A more varied picture of China
Financial Times, with its Western capitalist view comments:
For all the cosmopolitan affluence of Beijing or Shanghai, with their luxury shopping malls and Champagne-soaked gallery openings, it is easy to forget just how poor China still is. One of the more surprising statistics about the Chinese economy is that, in terms of per capita gross domestic product, it is still not in the top 100 countries. According to the International Monetary Fund, China ranked behind Cape Verde and Armenia in 2008, and only just ahead of Iraq and the Republic of Congo. Despite the remarkable reduction in poverty, daily life for most Chinese families is still a struggle to get by.
Then there is this comment about the raw effects of internal political turmoil caused by dissatisfaction of the Uighurs:
The Xinjiang riots over the summer were another important warning.

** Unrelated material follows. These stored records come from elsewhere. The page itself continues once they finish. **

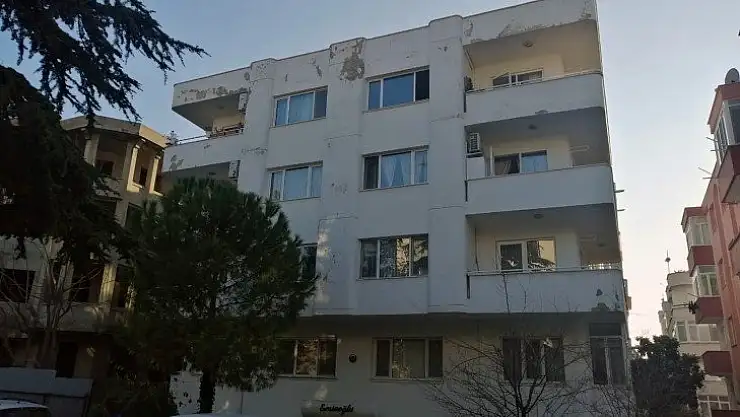 Tavada unutulan yağ apartmanı yakıyordu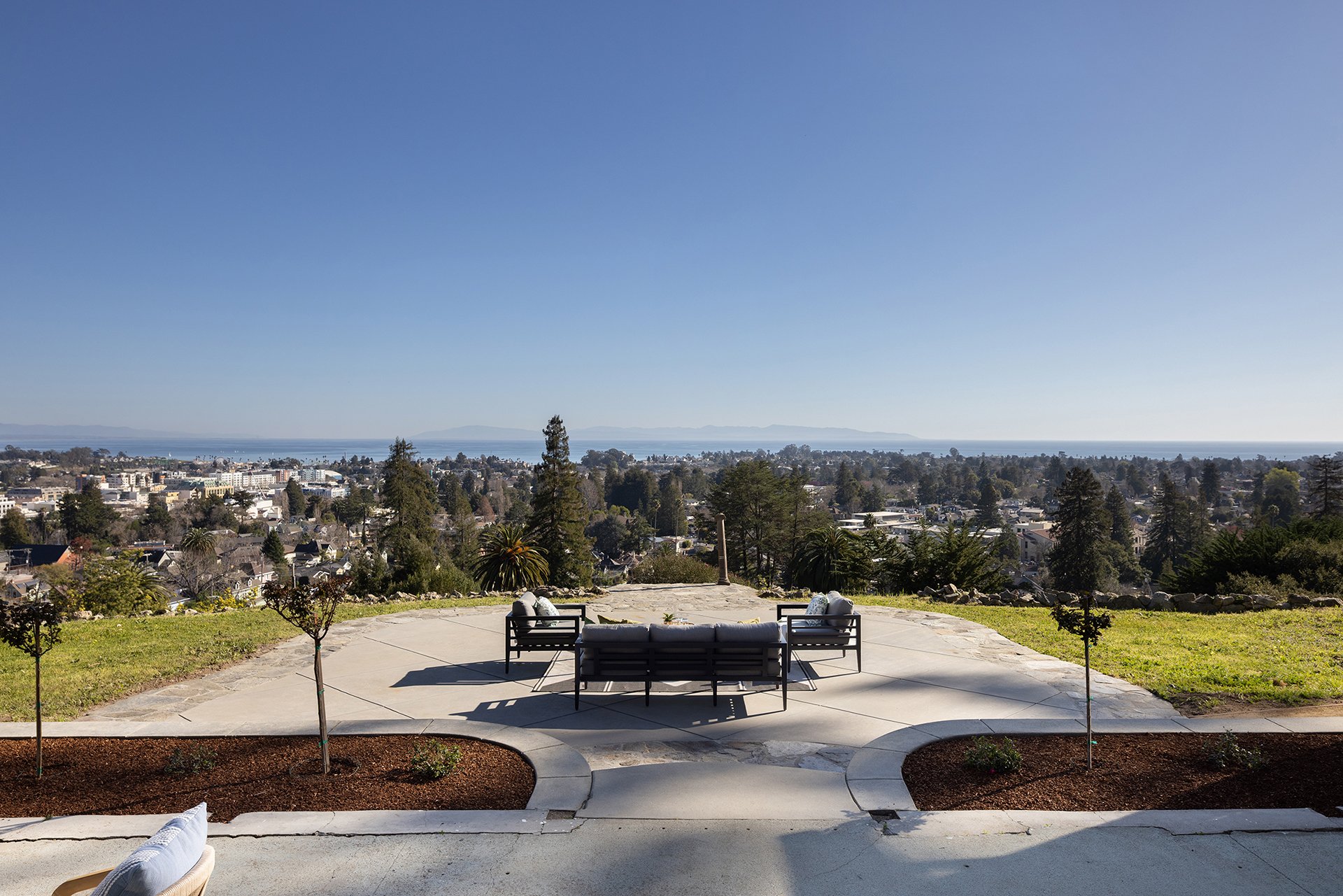 Villa Fair View - 535 Highland Ave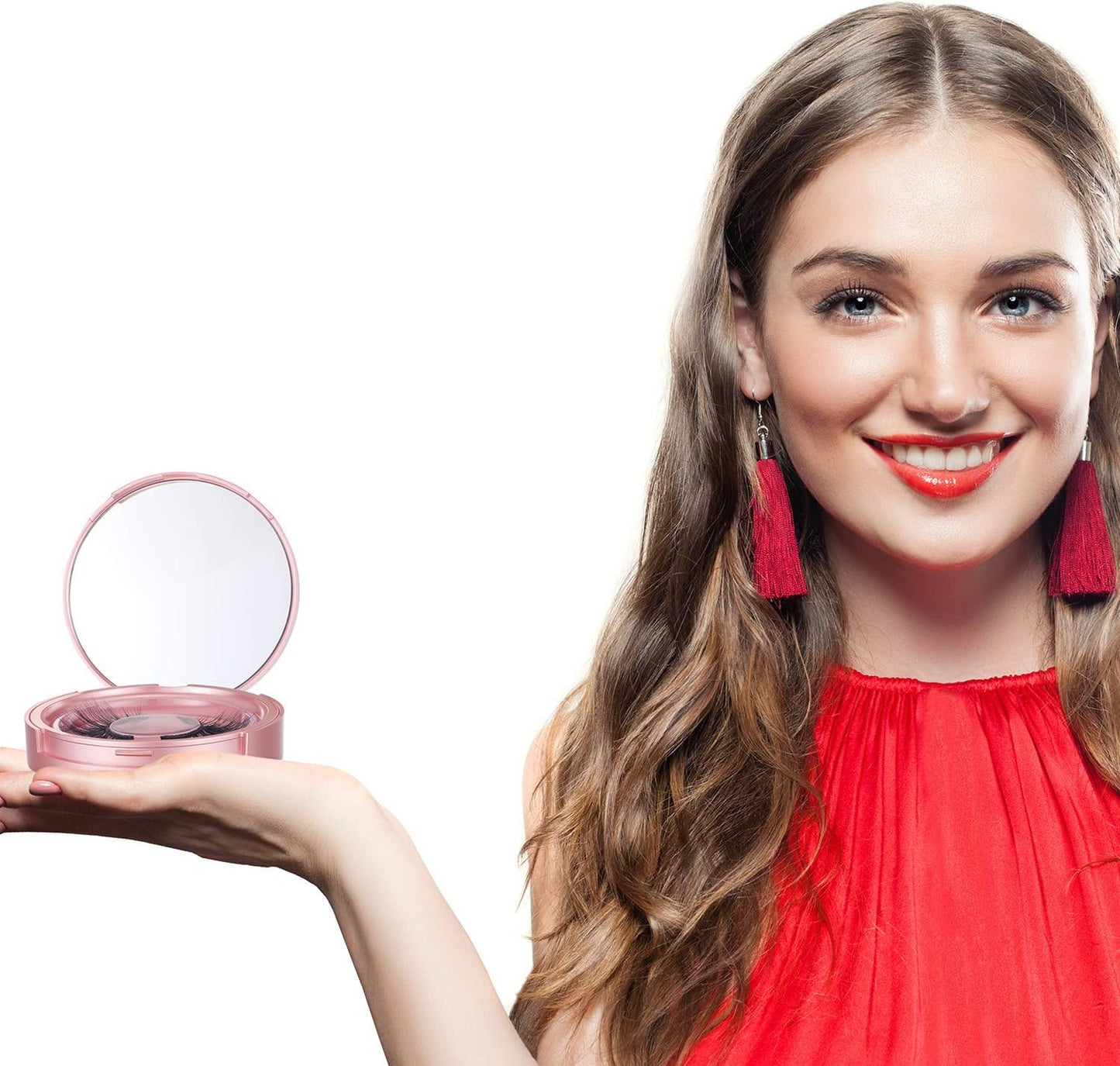 THE LASHES EVERY GIRLIE NEEDS.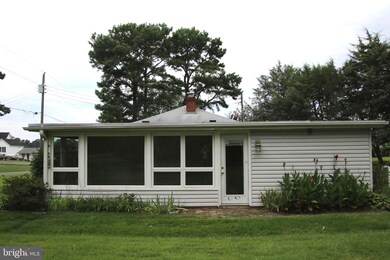 1456 Holly Vista Dr, Colonial Beach, VA 22443 - photo 4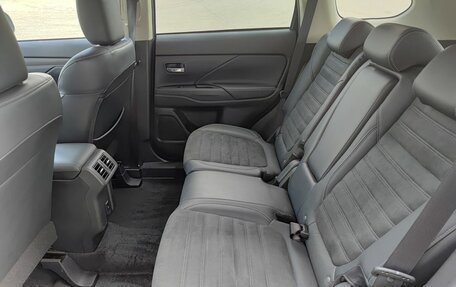 Mitsubishi Outlander III рестайлинг 3, 2021 год, 2 349 000 рублей, 15 фотография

Like the turmoil in Tibet the year before, they exposed how large parts of the local population on China’s western frontier does not feel included in the new economic dynamism, or feel part the grand national project. By treating almost all dissent as a form of “evil separatism”, these provinces seem destined to face years of instability.
The writer of this piece, who is FT’s Beijing Bureau chief, finally gets to his real point in the last paragraphs:
Given the abundant evidence of purpose and planning, from the building site that wakes me in the morning to the almost weekly billion-dollar energy deals in far-flung parts of the world, this might seem like a strange thing to say about modern China: but it sometimes feels as if the people at the top are running short of ideas.
It is tempting to chart China’s rise like a graph of its GDP, 9 per cent up every year, without fail. Better to expect quite a few big bumps on the road to “China’s century”.